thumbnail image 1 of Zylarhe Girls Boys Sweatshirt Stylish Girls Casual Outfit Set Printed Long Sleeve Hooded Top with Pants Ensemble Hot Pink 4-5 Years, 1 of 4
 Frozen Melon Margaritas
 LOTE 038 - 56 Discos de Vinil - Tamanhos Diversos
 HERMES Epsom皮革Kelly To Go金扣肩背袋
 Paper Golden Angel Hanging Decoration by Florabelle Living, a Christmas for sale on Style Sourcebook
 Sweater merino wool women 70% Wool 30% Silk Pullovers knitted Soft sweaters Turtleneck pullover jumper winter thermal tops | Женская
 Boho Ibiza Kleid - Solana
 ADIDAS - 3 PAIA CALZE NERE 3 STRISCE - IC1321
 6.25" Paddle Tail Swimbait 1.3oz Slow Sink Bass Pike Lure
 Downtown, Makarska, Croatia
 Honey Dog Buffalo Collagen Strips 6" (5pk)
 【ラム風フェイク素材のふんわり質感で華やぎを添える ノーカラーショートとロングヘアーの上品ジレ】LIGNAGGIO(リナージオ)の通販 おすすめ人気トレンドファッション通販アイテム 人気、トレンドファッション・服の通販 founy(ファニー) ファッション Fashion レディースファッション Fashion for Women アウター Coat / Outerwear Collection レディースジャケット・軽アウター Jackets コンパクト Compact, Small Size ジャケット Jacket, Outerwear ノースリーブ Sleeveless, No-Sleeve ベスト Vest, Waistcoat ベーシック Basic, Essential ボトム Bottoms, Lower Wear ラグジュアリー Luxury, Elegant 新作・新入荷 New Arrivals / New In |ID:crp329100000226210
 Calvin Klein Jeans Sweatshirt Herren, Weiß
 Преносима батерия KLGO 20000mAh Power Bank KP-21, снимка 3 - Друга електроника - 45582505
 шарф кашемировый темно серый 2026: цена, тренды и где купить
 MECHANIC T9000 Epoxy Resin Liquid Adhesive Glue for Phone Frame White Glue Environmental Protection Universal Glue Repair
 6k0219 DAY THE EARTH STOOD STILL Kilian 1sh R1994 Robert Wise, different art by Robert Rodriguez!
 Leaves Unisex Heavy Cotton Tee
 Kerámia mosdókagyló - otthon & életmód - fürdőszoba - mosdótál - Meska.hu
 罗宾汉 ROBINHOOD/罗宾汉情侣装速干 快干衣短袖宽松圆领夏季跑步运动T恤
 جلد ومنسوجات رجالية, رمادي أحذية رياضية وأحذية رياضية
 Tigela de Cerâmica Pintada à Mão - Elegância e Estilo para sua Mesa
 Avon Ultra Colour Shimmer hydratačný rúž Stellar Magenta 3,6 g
=-=-=-=-=
» Work required: The full set of records should be duplicated exactly.

» Solution:
thumbnail image 1 of Zylarhe Girls Boys Sweatshirt Stylish Girls Casual Outfit Set Printed Long Sleeve Hooded Top with Pants Ensemble Hot Pink 4-5 Years, 1 of 4
 Frozen Melon Margaritas
 LOTE 038 - 56 Discos de Vinil - Tamanhos Diversos
 HERMES Epsom皮革Kelly To Go金扣肩背袋
 Paper Golden Angel Hanging Decoration by Florabelle Living, a Christmas for sale on Style Sourcebook
 Sweater merino wool women 70% Wool 30% Silk Pullovers knitted Soft sweaters Turtleneck pullover jumper winter thermal tops | Женская
 Boho Ibiza Kleid - Solana
 ADIDAS - 3 PAIA CALZE NERE 3 STRISCE - IC1321
 6.25" Paddle Tail Swimbait 1.3oz Slow Sink Bass Pike Lure
 Downtown, Makarska, Croatia
 Honey Dog Buffalo Collagen Strips 6" (5pk)
 【ラム風フェイク素材のふんわり質感で華やぎを添える ノーカラーショートとロングヘアーの上品ジレ】LIGNAGGIO(リナージオ)の通販 おすすめ人気トレンドファッション通販アイテム 人気、トレンドファッション・服の通販 founy(ファニー) ファッション Fashion レディースファッション Fashion for Women アウター Coat / Outerwear Collection レディースジャケット・軽アウター Jackets コンパクト Compact, Small Size ジャケット Jacket, Outerwear ノースリーブ Sleeveless, No-Sleeve ベスト Vest, Waistcoat ベーシック Basic, Essential ボトム Bottoms, Lower Wear ラグジュアリー Luxury, Elegant 新作・新入荷 New Arrivals / New In |ID:crp329100000226210
 Calvin Klein Jeans Sweatshirt Herren, Weiß
 Преносима батерия KLGO 20000mAh Power Bank KP-21, снимка 3 - Друга електроника - 45582505
 шарф кашемировый темно серый 2026: цена, тренды и где купить
 MECHANIC T9000 Epoxy Resin Liquid Adhesive Glue for Phone Frame White Glue Environmental Protection Universal Glue Repair
 6k0219 DAY THE EARTH STOOD STILL Kilian 1sh R1994 Robert Wise, different art by Robert Rodriguez!
 Leaves Unisex Heavy Cotton Tee
 Kerámia mosdókagyló - otthon & életmód - fürdőszoba - mosdótál - Meska.hu
 罗宾汉 ROBINHOOD/罗宾汉情侣装速干 快干衣短袖宽松圆领夏季跑步运动T恤
 جلد ومنسوجات رجالية, رمادي أحذية رياضية وأحذية رياضية
 Tigela de Cerâmica Pintada à Mão - Elegância e Estilo para sua Mesa
 Avon Ultra Colour Shimmer hydratačný rúž Stellar Magenta 3,6 g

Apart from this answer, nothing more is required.